Carmela e Rea e il marito Salvatore Parolisi

È stato diffuso da Repubblica il verbale dell’interrogatorio di Salvatore Parolisi del 16 maggio scorso, quando il caporalmaggiore non era ancora indagato per l’omicidio della moglie, Melania Rea. Parolisi, allora persona informata sui fatti, ha davanti il pm Umberto Monti e cinque carabinieri.

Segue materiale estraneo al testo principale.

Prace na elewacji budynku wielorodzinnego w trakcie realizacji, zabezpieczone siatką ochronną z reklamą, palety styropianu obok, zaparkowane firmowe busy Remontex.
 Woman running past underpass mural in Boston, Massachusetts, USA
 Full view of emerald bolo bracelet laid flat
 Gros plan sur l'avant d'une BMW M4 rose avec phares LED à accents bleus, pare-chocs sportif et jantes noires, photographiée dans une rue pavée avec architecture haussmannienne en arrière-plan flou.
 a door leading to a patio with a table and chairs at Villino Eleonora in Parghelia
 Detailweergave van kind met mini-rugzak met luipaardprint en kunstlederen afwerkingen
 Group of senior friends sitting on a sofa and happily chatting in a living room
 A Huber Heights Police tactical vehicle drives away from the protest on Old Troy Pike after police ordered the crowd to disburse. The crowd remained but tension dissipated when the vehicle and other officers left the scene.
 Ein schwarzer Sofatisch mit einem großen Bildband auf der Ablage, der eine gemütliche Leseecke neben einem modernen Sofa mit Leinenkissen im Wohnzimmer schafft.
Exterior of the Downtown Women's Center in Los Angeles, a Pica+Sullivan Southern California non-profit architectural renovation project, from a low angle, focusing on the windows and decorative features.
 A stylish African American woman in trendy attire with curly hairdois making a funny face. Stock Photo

Monti: "Quel giorno lì io ti dico, il giorno che lei va a fare la pipì e fa questo percorso qua no, io ti dico se questa c'aveva la vescica vuota non poteva andare a fare la pipì, perché se la vescica è vuota che vado a fare la pipì, allora ti può venire in mente che ti abbia mentito lei e doveva andare a vedere qualcuno... qualcuna... aveva visto qualcuno... poteva far qualcosa... cioè ti può venire un'idea di questo... cioè tu... come marito io mi ti immagino che stai sempre a pensare a chi ha ammazzato tua moglie, no che stai sempre a pensare a come tenere nascosta la relazione con Ludovica... io questo mi immagino".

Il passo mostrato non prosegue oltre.